Module 3: SHM in Ribbon Reinforced Composites
  Lecture 24: Structural health monitoring of composite laminate using piezoelectric sensory layer
 

Introduction

The functional advantages of laminated composites are often compromised due to the presence of hidden defects. Damages such as delaminations, ply failures, cracks in the matrix or debonding may lead to severe reduction in the load bearing capacity of a composite. Therefore, it is important to develop a technique for monitoring the severity, type and location of damage in such composites. Experimental damage monitoring techniques mainly involve non-destructive sensing of damage in the structures such as using ultrasonics, magnetic field or x-ray based scanning etc. Many of these methods of identification involve experimental techniques which are quite expensive and also difficult for in-situ applications.

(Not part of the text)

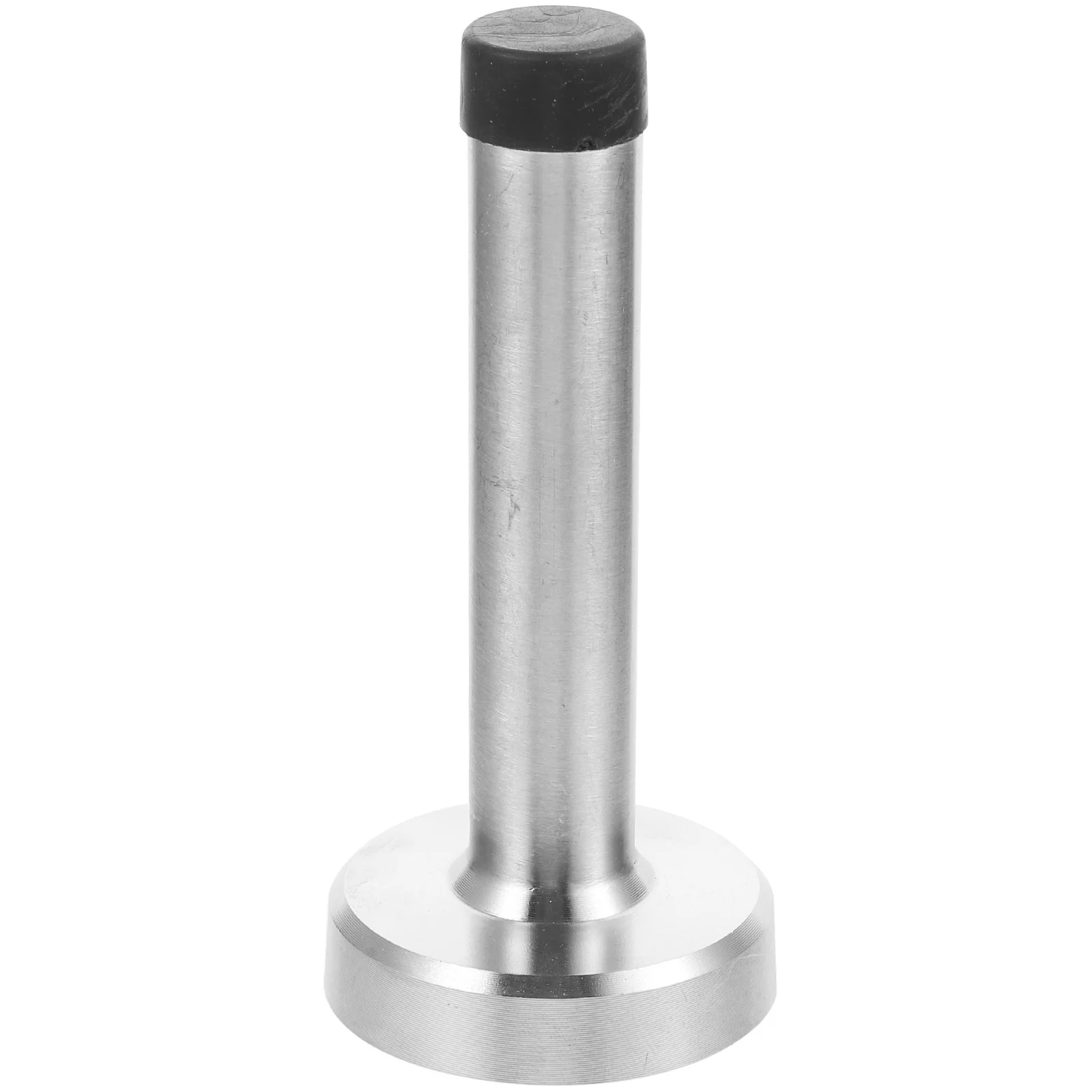

Door Stopper Wall Protector 7.5Cm Stainless Steel Rubber Floor Mount Outdoor Indoor Door Bumper For Home Bathroom Office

Chung has developed an electrical resistance based method for structural health monitoring of composite materials. It is limited to composite materials which are electrically conductive such as composites with carbon fibers. Pandey et al [1991] have developed a damage identification technique based on curvature of mode shapes. They have shown that the absolute difference in the curvature of mode shapes between the healthy and the damaged ply may be used as a parameter for predicting the damage and its location. This concept has been applied to a vibrating flat plate with the assumption that the modulus of elasticity in the damaged area becomes equal to zero. Liu et al [2003] have shown that embedded piezoelectric sensors can act as wave transmitters as well as sensors. The evaluation of the structural status can be monitored using information carried by waves propagating in the structure and interacting with any internal damage. Coverley and Staszewski [2003] have shown that using a classical sensor triangulation scheme and a genetic algorithm procedure the impact location can be accurately identified. This procedure substantially alleviates the complexity in learning and matching and thus becomes computationally efficient.